Building a solid computer stack (hardware through software) is an exercise in mechanical sympathy, understanding the traits of the underlying components which enable the practitioner to get as much out of it as possible. The software should do the thing that the software is good at, and the hardware should do the things that the hardware is good at, and neither exists in a vacuum, both should be aware of the constraints of the other.

For one example, about 25 years ago Intel made a processor called Itanium which used 'VLIW' (very long instruction word) instructions as opposed to x86. In this case, a lot of the complexity of operating a processor is shifted into the compiler, since individual CPU instructions may perform complex operations. In a modern processor, instructions are 'simple', and the processor is responsible for finding the data dependencies that allow multiple instructions to be executed in parallel (this is called 'superscalar' processing). With Itanium, the compiler author can encode such individual operations into more complex instructions which can be executed in parallel, all at once. So, where in x86 I might have in 3 different instructions (add r1, r2, sub r3, r4, mul r5, r6), with Itanium I might be able to combine all of those into a single instruction at compile time. By doing this, in theory we can remove a lot of the complex superscalar logic from the processor, devote more of the chip to execution units and achieve more overall performance.

One problem here is that the compiler may not actually know what parallelism is possible. For example, the latency of a given instruction may vary from chip to chip. The number of execution units for a single operation may vary. Our code is now very highly optimised for a particular CPU, we may not see natural speedups as newer processors are made, newer processors might not even support the code we've written without a translation layer. Taken to extremes, we lose the universality of software (the ability to change the hardware without rebuilding the software). VLIW chips are viable, but they're typically used in more isolated use cases (like DSPs) where it's reasonable to recompile the software for every chip (and where perhaps there is lots of parallelism in the problem space).

State machines essentially have similar issues. High performance processors tease out the data dependencies between instructions in order to perform superscalar processing, which is key to good performance in a modern processor. Stack machines make it very difficult to understand data dependencies because in principle all data depends on all other data, a post-processing step is required (which is considerably more expensive than the processor equivalent of converting to SSA form). Modern register machines rely heavily on register renaming to ensure that both superscalar processing and pipelining work well with each other - maintaining similar performance with a stack machine would lead to similar solutions, and so very likely switching from a register machine to a stack machine would likely look like having a translation layer on the chip, from the stack machine back into a register-like language.

Stacks do exist in a few places these days. The JVM clearly does it - Java is 'register oriented' for the programmer, the JVM instruction set is stack oriented, and the runtime converts it back into a register oriented machine code. Another example is the ARM Jazelle extensions which allow some ARM processors to directly execute Java bytecode. Here, the bytecode is converted into the machine code as an extra stage in the processor pipeline, adding overhead.

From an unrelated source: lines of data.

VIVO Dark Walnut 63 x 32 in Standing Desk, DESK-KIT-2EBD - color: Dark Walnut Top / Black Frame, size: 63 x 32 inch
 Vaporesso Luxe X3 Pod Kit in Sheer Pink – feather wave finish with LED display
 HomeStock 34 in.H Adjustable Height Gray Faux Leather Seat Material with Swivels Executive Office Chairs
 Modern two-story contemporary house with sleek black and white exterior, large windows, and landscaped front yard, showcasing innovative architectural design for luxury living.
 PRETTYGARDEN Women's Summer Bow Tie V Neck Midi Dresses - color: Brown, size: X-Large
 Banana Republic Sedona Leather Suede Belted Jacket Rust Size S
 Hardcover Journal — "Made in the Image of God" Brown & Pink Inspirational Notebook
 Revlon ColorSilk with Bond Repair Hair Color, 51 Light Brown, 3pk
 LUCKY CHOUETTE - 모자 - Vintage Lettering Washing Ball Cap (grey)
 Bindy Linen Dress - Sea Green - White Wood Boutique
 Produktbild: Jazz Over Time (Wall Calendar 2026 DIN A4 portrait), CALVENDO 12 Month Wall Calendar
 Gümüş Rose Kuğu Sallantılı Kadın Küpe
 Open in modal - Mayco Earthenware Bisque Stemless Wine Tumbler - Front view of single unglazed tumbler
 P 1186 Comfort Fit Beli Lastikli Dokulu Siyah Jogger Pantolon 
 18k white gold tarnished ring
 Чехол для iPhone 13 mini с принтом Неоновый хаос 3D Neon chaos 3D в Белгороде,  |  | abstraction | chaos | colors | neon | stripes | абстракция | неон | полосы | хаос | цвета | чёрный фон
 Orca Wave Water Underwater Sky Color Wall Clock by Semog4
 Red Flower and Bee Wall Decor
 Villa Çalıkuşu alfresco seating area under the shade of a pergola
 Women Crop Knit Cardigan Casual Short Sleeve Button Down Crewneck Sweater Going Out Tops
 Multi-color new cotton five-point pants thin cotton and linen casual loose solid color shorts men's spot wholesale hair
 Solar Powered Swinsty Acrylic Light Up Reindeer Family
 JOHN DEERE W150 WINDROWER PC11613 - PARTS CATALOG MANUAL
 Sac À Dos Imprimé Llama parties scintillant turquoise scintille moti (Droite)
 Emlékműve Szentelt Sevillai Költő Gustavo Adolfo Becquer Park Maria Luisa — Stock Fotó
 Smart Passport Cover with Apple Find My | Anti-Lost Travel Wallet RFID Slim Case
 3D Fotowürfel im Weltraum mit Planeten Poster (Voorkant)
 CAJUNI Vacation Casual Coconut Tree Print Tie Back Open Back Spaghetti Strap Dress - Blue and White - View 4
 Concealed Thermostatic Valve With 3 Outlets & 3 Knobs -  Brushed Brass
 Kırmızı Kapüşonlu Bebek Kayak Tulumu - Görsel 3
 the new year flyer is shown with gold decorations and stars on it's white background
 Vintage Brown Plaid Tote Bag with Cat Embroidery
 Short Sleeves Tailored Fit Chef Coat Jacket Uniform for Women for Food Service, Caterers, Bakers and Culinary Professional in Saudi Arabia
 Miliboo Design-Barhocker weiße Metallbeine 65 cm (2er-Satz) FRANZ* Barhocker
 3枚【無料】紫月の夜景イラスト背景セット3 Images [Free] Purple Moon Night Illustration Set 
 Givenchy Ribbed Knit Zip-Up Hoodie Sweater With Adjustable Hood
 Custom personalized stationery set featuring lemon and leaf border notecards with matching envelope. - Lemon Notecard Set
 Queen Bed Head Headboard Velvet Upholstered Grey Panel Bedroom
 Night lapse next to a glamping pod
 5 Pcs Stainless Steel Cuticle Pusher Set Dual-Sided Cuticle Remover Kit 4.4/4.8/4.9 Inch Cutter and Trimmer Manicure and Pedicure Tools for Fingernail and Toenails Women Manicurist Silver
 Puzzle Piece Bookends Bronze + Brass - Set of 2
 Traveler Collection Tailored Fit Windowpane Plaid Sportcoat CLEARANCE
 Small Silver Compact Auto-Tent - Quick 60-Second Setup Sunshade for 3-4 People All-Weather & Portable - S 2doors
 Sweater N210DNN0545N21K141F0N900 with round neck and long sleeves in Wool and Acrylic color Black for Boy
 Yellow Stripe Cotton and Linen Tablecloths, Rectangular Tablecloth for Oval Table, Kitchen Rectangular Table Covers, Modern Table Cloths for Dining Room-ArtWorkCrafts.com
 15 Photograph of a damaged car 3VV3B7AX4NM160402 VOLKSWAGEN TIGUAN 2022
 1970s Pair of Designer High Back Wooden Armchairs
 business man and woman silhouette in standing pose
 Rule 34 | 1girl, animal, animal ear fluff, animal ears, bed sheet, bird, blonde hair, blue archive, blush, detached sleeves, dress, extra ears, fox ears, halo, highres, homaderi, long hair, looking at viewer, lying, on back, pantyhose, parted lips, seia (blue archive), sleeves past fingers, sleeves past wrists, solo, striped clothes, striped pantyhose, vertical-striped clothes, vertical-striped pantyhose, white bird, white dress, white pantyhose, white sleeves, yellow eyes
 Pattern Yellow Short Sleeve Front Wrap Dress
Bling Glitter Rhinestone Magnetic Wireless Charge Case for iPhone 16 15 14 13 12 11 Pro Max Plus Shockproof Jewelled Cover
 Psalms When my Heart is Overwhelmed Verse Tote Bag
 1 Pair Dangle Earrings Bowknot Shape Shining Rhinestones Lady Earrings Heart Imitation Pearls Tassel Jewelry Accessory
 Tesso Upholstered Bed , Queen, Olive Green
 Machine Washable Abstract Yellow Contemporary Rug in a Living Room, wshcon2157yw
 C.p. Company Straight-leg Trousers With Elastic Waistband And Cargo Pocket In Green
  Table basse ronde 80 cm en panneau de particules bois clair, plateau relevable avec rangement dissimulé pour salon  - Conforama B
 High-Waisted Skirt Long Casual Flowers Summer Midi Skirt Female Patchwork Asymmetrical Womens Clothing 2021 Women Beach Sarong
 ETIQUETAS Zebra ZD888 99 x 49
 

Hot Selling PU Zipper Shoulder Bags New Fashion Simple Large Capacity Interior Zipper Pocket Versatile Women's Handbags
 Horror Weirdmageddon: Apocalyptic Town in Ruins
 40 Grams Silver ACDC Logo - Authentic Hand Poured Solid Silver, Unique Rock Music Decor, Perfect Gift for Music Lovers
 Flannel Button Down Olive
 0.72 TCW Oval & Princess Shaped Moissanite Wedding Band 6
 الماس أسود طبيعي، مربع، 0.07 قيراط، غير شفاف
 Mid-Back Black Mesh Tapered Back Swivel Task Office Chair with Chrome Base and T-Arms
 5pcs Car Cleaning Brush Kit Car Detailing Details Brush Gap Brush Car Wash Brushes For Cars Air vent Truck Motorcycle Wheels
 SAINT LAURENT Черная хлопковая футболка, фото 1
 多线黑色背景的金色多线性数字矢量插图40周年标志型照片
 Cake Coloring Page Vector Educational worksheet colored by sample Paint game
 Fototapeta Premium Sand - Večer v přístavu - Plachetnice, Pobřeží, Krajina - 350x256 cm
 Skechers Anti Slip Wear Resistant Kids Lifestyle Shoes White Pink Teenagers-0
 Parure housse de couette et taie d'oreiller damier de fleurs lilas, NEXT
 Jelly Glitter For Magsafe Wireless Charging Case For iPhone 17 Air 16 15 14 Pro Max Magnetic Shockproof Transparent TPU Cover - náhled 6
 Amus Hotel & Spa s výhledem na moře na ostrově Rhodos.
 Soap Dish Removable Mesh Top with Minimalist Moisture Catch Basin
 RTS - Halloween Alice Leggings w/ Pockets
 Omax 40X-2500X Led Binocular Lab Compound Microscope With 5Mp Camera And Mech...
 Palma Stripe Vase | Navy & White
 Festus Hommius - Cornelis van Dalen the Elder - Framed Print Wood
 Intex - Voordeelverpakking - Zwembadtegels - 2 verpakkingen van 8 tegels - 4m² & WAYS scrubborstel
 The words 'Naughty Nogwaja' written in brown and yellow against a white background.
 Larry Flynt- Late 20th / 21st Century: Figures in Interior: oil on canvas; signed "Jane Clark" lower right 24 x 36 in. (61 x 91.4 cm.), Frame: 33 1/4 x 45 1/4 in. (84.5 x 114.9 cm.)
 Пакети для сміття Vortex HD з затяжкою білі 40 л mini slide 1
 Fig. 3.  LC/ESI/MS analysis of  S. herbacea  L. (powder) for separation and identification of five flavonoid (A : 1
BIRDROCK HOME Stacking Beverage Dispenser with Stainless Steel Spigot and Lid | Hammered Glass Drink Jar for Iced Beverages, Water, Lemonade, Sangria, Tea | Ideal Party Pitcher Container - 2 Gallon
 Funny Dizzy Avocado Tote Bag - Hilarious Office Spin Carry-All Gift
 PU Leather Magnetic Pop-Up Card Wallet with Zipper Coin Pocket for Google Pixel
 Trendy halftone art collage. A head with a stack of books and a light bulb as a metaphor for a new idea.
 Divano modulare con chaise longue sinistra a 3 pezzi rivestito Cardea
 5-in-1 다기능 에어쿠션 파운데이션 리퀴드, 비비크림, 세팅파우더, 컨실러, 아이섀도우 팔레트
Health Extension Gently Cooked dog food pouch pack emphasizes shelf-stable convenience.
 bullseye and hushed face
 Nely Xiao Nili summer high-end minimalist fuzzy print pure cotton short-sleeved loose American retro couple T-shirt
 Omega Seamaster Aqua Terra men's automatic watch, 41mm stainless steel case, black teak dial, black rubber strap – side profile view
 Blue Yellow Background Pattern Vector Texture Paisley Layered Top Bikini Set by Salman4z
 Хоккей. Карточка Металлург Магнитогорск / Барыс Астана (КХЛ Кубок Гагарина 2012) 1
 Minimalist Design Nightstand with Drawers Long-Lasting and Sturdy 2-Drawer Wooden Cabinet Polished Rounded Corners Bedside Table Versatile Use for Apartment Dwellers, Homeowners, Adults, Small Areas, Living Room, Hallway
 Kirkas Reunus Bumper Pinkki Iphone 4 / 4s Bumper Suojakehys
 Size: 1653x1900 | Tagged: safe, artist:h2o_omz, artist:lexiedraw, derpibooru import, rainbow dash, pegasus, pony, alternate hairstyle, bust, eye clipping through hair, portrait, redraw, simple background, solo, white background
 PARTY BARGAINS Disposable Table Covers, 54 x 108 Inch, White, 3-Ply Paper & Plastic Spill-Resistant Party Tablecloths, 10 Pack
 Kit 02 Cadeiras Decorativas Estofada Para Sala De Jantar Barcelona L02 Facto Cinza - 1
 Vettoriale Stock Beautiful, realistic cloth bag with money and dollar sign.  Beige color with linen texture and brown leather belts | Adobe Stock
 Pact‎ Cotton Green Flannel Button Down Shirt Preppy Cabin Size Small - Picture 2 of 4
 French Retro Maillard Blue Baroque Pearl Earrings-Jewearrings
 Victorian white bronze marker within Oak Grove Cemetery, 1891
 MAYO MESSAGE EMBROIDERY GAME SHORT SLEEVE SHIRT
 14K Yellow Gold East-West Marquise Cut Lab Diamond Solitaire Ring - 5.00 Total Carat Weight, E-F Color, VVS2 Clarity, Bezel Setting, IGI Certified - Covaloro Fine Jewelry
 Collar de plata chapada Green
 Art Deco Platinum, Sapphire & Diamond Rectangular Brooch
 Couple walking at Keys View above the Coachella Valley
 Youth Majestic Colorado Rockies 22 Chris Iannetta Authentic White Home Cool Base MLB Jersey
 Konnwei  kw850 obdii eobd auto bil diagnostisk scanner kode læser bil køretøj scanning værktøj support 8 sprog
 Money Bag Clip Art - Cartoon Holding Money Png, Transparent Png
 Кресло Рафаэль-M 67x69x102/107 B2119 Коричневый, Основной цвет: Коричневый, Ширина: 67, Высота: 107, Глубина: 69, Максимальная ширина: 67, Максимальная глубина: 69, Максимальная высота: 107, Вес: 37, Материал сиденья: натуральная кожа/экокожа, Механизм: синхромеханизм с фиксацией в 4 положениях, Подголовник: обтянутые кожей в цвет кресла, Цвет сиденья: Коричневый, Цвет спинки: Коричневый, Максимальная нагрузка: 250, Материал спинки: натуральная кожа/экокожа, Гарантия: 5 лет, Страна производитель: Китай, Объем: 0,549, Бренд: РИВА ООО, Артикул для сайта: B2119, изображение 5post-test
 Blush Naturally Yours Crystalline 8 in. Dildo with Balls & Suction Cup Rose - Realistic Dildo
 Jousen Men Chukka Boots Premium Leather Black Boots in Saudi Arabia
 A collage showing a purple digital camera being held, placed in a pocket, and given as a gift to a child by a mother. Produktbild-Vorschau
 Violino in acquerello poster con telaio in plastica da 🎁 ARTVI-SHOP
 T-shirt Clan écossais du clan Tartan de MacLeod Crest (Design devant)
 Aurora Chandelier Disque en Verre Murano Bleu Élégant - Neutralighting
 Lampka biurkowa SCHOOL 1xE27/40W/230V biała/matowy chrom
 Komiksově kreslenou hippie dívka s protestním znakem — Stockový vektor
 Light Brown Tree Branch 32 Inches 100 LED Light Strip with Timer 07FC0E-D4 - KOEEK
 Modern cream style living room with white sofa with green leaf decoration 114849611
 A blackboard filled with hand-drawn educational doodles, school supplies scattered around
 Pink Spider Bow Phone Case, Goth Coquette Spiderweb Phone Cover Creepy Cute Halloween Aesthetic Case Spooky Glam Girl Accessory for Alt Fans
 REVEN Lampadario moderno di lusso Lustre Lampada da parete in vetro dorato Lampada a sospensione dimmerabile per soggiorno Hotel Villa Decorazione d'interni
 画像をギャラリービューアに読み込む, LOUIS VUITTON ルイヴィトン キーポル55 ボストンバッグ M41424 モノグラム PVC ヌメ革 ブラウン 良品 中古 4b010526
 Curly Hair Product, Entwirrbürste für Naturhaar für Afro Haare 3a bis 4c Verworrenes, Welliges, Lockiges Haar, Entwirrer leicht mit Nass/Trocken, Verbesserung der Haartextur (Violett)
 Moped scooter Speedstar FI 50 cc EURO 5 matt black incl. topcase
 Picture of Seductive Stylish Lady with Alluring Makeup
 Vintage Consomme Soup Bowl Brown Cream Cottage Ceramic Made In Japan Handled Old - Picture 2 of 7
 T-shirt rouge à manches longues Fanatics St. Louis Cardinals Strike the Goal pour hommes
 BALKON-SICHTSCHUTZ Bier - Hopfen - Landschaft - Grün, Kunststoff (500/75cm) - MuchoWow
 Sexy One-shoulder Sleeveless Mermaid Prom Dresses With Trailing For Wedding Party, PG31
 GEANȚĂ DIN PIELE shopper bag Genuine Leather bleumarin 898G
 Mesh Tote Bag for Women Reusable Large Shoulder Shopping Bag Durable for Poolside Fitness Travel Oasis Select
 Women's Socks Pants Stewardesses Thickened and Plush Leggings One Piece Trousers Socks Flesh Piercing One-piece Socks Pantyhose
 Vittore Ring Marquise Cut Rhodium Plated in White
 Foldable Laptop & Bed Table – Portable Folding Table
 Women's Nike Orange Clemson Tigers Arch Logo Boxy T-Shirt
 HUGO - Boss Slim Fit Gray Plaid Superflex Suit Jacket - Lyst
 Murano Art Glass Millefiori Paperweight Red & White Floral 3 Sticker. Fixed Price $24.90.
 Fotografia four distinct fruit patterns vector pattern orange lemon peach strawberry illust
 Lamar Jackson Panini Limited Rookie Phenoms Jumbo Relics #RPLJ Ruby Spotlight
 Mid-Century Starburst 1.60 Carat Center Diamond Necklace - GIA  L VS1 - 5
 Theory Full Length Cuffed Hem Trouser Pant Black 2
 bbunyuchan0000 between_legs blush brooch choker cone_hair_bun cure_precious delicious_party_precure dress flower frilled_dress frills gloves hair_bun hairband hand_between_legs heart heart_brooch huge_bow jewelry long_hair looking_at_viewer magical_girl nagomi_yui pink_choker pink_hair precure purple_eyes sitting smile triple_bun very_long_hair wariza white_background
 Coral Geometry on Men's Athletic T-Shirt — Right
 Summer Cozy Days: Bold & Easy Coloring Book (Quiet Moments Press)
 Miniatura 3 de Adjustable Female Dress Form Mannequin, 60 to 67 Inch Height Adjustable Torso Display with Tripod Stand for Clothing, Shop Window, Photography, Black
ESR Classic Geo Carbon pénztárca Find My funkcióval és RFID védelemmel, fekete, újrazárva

BLAB: - There isn't much advantage to stack machines. It's relatively straightforward to translate between the two. - Modern processors are architecturally closer to register machines, and a lot of the techniques used to make them fast would have to be replicated on a stack machine. - Because any decisions at this level of the stack are effectively invisible to the user in modern tech, it's beneficial to go for the simplest solutions to any given problem, which here is to use a register machine at the hardware level.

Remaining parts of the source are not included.